Change ES version in hiera
Set elasticserch::version in data/hostgroup/dashboard/elasticsearch.yaml
On minor (1.X -> 1.Y) version upgrade, change the yum repo in code/manifests/elasticsearch/base.pp
- osrepos::ai121yumrepo { 'elasticsearch-1.3':
- descr => 'Elasticsearch repository for 1.3.x packages',
- baseurl => 'http://linuxsoft.cern.ch/elasticsearch/elasticsearch-x86_64/RPMS.es-13-el6/',
+ osrepos::ai121yumrepo { 'elasticsearch-1.4':
+ descr => 'Elasticsearch repository for 1.4.x packages',
+ baseurl => 'http://linuxsoft.cern.ch/elasticsearch/elasticsearch-x86_64/RPMS.es-14-el6/',
Do a rolling upgrade-restart
If it's a production search node, remove it from the DNS alias
touch /etc/nologin
Wait (5-10 minutes) until nslookup dashb-es no longer lists this host's IP
We have only one search node in dev, so doing this is not useful, but should work the same way (unless the dashb-es-dev DNS alias is not load-balancing, is
http://sls.cern.ch/sls/service.php?id=DNSLOADBALANCING
still supported? I don't see it in the list).

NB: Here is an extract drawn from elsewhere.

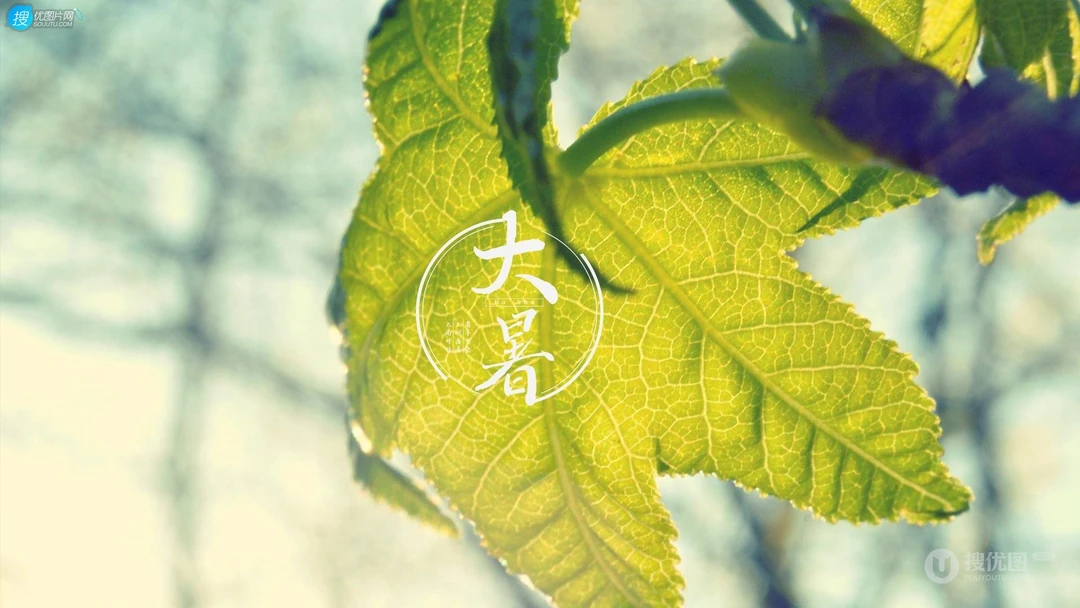 大暑节气壁纸，以小清新绿色养眼的蘑菇，绿叶，昆虫为背景的大暑文字壁纸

If it's a data node, migrate the data away
curl -XPUT localhost:9200/_cluster/settings -d '{"transient":{"cluster":{"routing":{"allocation":{"exclude":{"_name":"-node-hostname-here-"}}}}}}'
Wait (30-60 min) until the data migrates away. Watch at
https://dashb-es.cern.ch/_plugin/whatson
or
https://dashb-es.cern.ch/plugin/head
Without this step there is a moment of red cluster health when the node is stopped as shards that had a primary on this node are assigned a new primary out of their replicas, and a long period of yellow health when new replicas are created to replace data that was on the node.

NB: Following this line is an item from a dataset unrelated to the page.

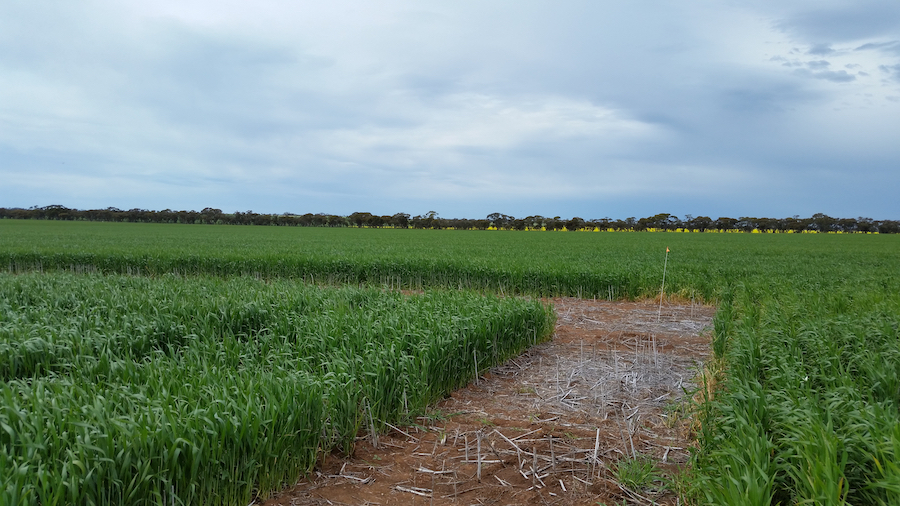 wheat heat tolerance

service elasticsearch stop
I did not notice problems when upgrading a running ES node and then restarting, but just in case it does not hurt to stop before upgrading.
puppet agent --enable && puppet agent -t
Puppet upgrades the package and starts the service
wait for the node to start and join the cluster
/var/log/elasticsearch/clustername.log or /var/elasticsearch/log/clustername.log on the data nodes
curl localhost:9200
curl localhost:9200/_cluster/health?pretty
curl localhost:9200/_nodes/hostname/info?pretty
Or check
https://dashb-es.cern.ch/_plugins/head
check node version
curl localhost:9200/_nodes/hostname/info?pretty
If it's a search node, add it back to the DNS alias
rm /etc/nologin
Wait (5-10 minutes) until nslookup dashb-es shows this host's IP again
If it's a data node, enable storing data on it again
curl -XPUT localhost:9200/_cluster/settings -d '{"transient":{"cluster":{"routing":{"allocation":{"exclude":{"_name":""}}}}}}'
If you did not migrate the data away before restarting, wait (~30 minutes) for data replication to be created until the cluster status is green again.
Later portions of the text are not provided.